We don’t often read All Things Digital, one of the most overrated online publications (and which is neither “all things” nor “[only] digital” – discuss amongst yourselves). Typically, it is an egregious headline that draws our attention.
As this one did early today:
“Sumo Logic, Generating Big Data From Log Files, Lands $30 Million From Accel”
While ATD’s typically undiscerning and gullible readers were drawn to the words “Big Data” or, more likely, “$30 Million” (All Things Digital is a Wall Street Journal property, after all), we were drawn to – sad to say – “Log Files.”
Log files are now big data?, we wondered.
A log file is simply a running record of activity on a server.

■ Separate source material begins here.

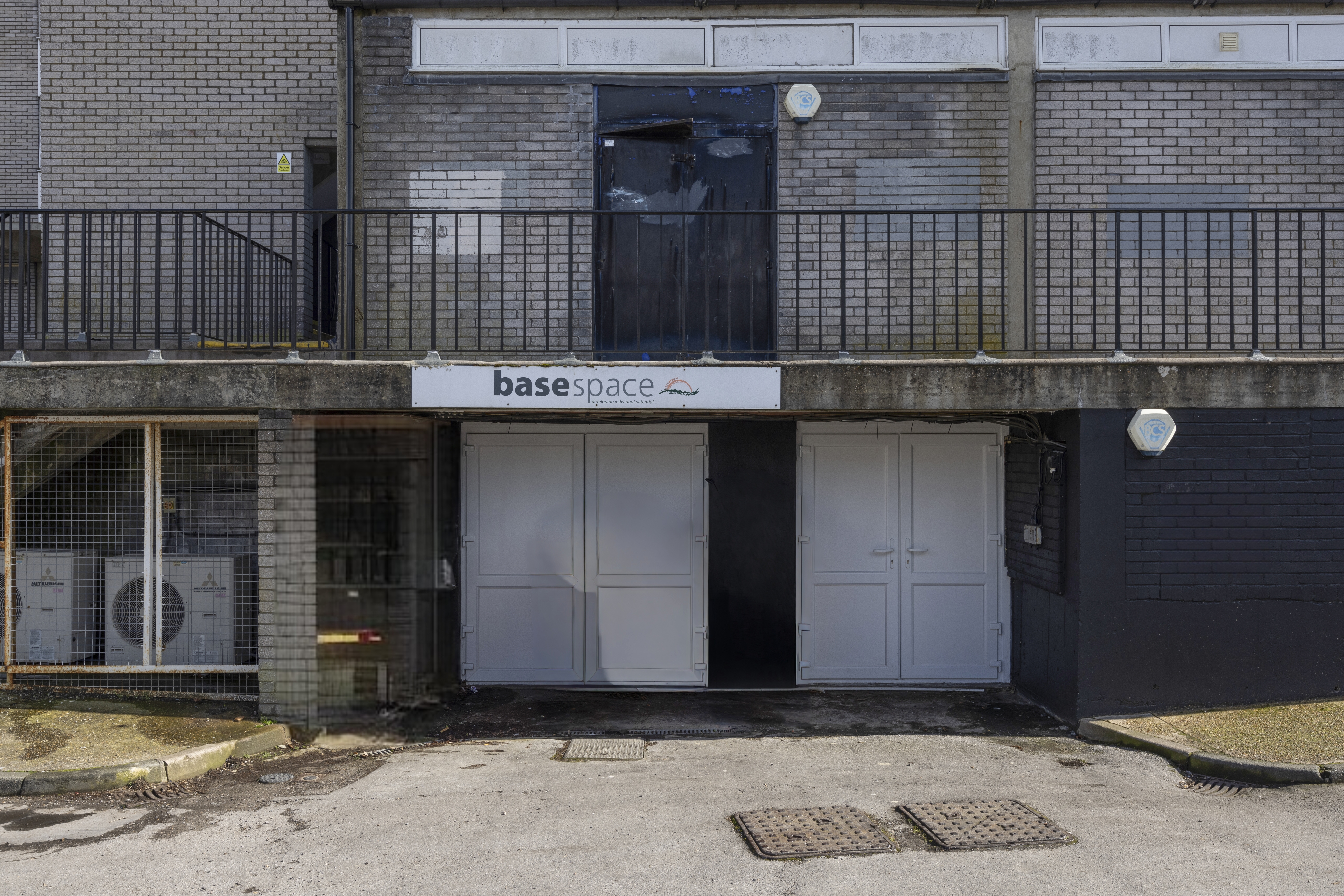 Storage in Caterham-on-the-Hill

If there is a lot of activity, there is a lot of “data.” But this is not what is meant by “Big Data.”
Big Data is multiple formats of data from multiple sources. Nirvana is when we can tie Tweets and website visits and in-store cameras and mobile-wallet transactions for thousands of customers and prospects over a full month, for example.

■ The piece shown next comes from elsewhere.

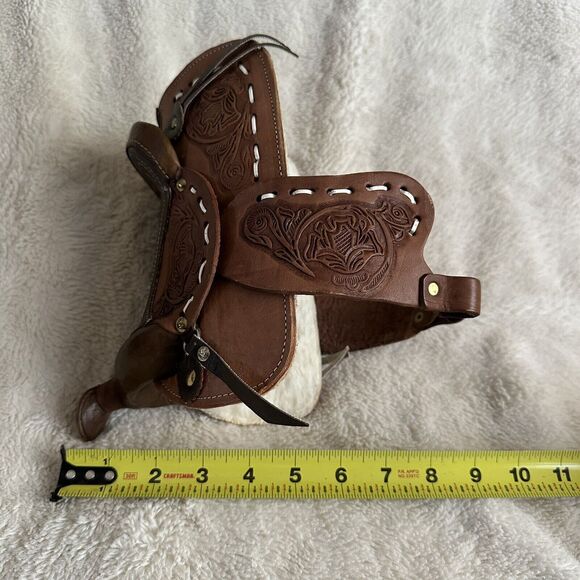 Realistic Tooled Miniature Small Leather Western Saddle 8” Long Doll Accessory - Picture 6 of 7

Instead, we get this tripe:
“Today, a fascinating and fast-growing start-up called Sumo Logic announced that it has taken a $30 million [in venture capital]…”
What is “fascinating” is that someone would believe that the following explanation from Sumo Logic’s CEO really represents Big Data:
“Companies have been looking for a way to get ahold [sic] of that data and do a deep dive on the patterns that can be found in it…”
Maybe so. But a “deep dive” is not Big Data.
As of now, Sumo presents its Big Solution as a free cloud service. Whaaaa?
And just like most freemium offerings, Sumo reports a 5% uptake to paying customers. Investors are still dumping tens of millions of dollars into this type of business model?
What are Sumo’s plans for the $30 million, by the way? To hire lots of sales people. Which is odd, since if it is really a Big Wet Dream Data story, then customers should be beating down the doors.